Все хорошо вовремя, и едва ли настоит надобность объяснять эпитет яичка тем мелким историческим фактом, что в XV веке во Пскове архиепископский наместник брал с крестьян, игуменов, попов и дьяконов по новгородской гривне за великолепное яйцо. Если уже соображать старинную ценность не материальную, а нравственную, то несомненно дороже стоило не псковское, а московское яйцо времен царских, когда этого рода пасхальные дары жаловались по выбору: иным золоченые, другим простые красные; иному по три, другим по два и по одному (младшим). Немногие бывали осчастливлены лицами, расписными по золоту яркими красками в узор или цветными травами, «а в травах птицы и звери и люди». Московскому патриарху каждогодное великолепное яйцо стоило, кроме разных материй, три сорока соболей и ста золотых. Подешевле обходились лишь «принос» или «дар» именитому человеку Строганову, представителю целого края России: он обыкновенно подносил государю и царевичу по кубку серебряному, по портищу бархата золотного, по сороку соболей и наконец каждому члену царского семейства известное число золотых.

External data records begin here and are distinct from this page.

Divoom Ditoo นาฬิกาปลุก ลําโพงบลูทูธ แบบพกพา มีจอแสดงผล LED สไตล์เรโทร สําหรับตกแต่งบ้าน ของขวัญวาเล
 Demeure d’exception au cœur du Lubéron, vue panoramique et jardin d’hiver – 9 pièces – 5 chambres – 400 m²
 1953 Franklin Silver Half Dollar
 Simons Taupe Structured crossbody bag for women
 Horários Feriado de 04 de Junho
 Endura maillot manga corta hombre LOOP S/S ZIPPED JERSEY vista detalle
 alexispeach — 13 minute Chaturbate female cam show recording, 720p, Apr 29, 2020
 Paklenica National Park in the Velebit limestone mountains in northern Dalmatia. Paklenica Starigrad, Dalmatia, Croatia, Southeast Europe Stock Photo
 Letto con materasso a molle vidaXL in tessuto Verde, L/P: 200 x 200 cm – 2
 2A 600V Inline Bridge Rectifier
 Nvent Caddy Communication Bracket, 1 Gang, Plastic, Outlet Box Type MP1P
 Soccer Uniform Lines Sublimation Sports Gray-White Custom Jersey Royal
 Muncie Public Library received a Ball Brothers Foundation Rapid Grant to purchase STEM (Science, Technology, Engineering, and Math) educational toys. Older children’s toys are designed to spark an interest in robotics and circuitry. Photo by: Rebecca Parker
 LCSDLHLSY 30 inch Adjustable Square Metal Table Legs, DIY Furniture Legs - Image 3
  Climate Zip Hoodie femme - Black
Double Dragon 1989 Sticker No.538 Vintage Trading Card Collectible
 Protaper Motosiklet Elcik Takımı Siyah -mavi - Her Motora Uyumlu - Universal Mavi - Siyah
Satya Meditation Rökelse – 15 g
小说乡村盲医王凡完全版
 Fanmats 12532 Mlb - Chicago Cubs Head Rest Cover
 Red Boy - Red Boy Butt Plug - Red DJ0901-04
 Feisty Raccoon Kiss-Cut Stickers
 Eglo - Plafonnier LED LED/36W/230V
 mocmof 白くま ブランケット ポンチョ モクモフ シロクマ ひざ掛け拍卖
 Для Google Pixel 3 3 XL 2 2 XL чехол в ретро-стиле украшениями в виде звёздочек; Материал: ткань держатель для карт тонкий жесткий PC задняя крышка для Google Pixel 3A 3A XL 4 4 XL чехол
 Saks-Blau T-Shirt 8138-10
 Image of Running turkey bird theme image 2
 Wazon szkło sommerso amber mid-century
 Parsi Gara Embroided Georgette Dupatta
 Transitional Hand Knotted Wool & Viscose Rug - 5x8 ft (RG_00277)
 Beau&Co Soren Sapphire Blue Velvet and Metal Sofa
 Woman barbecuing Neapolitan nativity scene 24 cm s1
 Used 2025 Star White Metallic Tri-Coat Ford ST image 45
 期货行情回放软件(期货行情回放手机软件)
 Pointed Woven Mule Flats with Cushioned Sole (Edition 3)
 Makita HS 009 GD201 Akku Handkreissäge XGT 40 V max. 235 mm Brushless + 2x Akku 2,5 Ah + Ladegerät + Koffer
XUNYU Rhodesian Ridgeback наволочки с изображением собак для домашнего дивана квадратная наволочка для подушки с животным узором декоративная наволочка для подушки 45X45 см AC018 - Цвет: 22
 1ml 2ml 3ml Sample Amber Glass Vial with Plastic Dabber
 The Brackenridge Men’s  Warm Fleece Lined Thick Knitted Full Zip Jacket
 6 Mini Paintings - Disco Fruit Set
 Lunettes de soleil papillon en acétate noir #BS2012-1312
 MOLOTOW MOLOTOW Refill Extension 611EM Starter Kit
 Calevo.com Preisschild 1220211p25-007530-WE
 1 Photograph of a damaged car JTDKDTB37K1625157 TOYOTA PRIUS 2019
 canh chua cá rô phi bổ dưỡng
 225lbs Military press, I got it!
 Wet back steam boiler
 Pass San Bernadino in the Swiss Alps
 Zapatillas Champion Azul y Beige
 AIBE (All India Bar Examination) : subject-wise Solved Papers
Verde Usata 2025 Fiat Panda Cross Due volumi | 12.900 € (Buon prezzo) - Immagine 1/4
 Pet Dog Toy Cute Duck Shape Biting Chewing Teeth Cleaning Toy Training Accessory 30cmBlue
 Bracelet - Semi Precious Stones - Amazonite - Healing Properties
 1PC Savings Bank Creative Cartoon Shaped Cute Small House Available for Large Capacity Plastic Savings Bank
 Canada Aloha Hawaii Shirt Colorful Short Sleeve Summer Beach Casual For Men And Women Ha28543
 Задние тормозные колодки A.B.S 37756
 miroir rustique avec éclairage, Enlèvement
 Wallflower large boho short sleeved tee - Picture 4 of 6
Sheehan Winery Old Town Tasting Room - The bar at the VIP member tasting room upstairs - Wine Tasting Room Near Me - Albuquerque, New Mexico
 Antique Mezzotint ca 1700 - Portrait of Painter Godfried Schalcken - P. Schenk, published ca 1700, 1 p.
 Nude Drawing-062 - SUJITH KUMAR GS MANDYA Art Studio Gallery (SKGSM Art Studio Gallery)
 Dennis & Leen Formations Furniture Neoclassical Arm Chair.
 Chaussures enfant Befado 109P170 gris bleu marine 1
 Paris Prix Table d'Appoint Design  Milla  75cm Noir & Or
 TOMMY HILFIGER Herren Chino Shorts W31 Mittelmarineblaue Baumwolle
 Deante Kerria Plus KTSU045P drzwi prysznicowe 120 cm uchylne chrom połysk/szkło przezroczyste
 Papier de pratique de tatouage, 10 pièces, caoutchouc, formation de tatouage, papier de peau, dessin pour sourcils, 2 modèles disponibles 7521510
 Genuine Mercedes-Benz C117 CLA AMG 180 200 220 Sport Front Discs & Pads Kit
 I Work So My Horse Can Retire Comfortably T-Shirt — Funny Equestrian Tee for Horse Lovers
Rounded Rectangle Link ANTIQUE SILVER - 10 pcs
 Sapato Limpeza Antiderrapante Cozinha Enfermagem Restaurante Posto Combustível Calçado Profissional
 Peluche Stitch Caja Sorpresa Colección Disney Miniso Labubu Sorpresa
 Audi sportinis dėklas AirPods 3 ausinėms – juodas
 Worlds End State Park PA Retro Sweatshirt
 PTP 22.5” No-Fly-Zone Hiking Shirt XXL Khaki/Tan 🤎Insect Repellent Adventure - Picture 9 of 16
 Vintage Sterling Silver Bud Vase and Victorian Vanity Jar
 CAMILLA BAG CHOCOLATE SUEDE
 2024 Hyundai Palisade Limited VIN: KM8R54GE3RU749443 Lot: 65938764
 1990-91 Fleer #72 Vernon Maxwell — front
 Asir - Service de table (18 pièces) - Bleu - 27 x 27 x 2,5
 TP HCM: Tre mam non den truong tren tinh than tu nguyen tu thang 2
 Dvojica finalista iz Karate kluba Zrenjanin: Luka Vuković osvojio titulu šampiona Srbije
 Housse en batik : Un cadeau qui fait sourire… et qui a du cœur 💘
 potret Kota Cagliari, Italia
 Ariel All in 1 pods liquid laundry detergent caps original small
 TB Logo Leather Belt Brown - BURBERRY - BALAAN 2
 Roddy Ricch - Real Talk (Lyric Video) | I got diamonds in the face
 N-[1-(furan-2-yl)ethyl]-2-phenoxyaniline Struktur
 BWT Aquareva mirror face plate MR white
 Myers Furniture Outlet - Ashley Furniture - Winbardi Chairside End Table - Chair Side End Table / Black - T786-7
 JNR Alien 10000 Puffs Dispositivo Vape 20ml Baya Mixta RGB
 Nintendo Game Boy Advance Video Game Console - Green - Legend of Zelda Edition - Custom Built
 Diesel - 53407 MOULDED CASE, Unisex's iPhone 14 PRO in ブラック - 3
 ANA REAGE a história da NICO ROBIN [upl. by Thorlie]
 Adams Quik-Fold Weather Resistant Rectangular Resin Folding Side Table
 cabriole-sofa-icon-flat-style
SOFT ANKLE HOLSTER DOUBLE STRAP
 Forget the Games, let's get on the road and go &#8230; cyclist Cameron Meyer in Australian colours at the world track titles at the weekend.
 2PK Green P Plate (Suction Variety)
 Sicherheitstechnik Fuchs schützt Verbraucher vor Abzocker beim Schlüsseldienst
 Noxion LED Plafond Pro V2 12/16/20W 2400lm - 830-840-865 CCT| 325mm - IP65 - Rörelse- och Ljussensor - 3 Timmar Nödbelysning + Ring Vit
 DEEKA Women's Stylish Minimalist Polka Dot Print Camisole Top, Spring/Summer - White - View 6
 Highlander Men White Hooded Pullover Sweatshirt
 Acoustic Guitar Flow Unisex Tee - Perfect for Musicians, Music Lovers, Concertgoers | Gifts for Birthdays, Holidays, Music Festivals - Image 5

Для задачи объяснения ходячих выражений и крылатых слов гораздо важнее значение напр. «новоженой куницы», — платы за венчание, по необыкновенной живучести с первых веков истории до ныне. Название ценного пушного зверка в этом смысле кое-где сохранилось до сих пор, что очень знаменательно. Учреждение этой подати в казну удельных князей — очень древнее, одновременное с «полюдьем» и «погородьем», теми данями и дарами, которые собирали князья во время объездов своих волостей для вершенья судных дел. Эти дани упоминаются еще в XII веке, Потом это название исчезает, но куница до сих пор не забылась в народе. В Белоруссии всякий жених, кроме свадебных угощений, обязан «годзиць куницу», т. е. платить священнику за венец. Это исполняют сваты, обязанные, сверх того, непременно поднести матушке-попадье петуха. Может быть в очень отдаленную и глухую старину, когда меха пушных зверей заменяли деньги и были «кунами» — ходячею разменною единицею, куница или ценность ее полагалась мерою при покупке в дом работницы. И это могло быть повсеместным обычаем. Теперь же в Великороссии куница вспоминается еще при свадебных обрядах, но старинный прямой и безраздельный смысл ее совершенно утрачен. По старинному напр. на нашей памяти величали новобрачных пожеланием (около Галича):
Сваты приходят в невестин дом «не за куницей, не за лисицей, а за красной девицей». Кое-где просят выкупом за невесту куницу да еще и лисицу (по пристрастью к созвучиям) с придатком золотой гривны да стакана вина. Дружки, в приговорах своих, также безразлично приплетают сюда еще соболя («повар — батюшка, повариха — матушка, встань на куньи лапки, на собольи пятки», и т. д.). В северо-западной России народ гораздо последовательнее и тверже в старых памятях и заветах. Так напр. там везде значение куницы перенесено и на самое заявление священнику о желании венчаться. Куницу мириць или годзиць являются целой гурьбой, и потом хвастаются: «уле хвала табе Господзи, куницу помирили и запывидза (запоины, пропоины невесты) пошла». Во время крепостного права куницей исстари назывался также выкуп у пана-владельца невесты вольным человеком, избравшим крепостную девицу, которая таким образом выходила в чужую вотчину, и за нее давали деньги. Священнику за венец не всегда платят наличными деньгами, а иногда рассчитываются и работой. В некоторых местах (напр. Витебской губернии) слово куницу также забыли (говорят «попа мириць»), но смысл сохранился, и сейчас можно слышать это старинное выражение цельным на окраинах той же губернии, смежных с губерниями: Смоленской и Могилевской. Надо надеяться, что изречение это и здесь затеряется, когда окончательно исчезнут все следы крепостного быта и потускнеет об нем представление.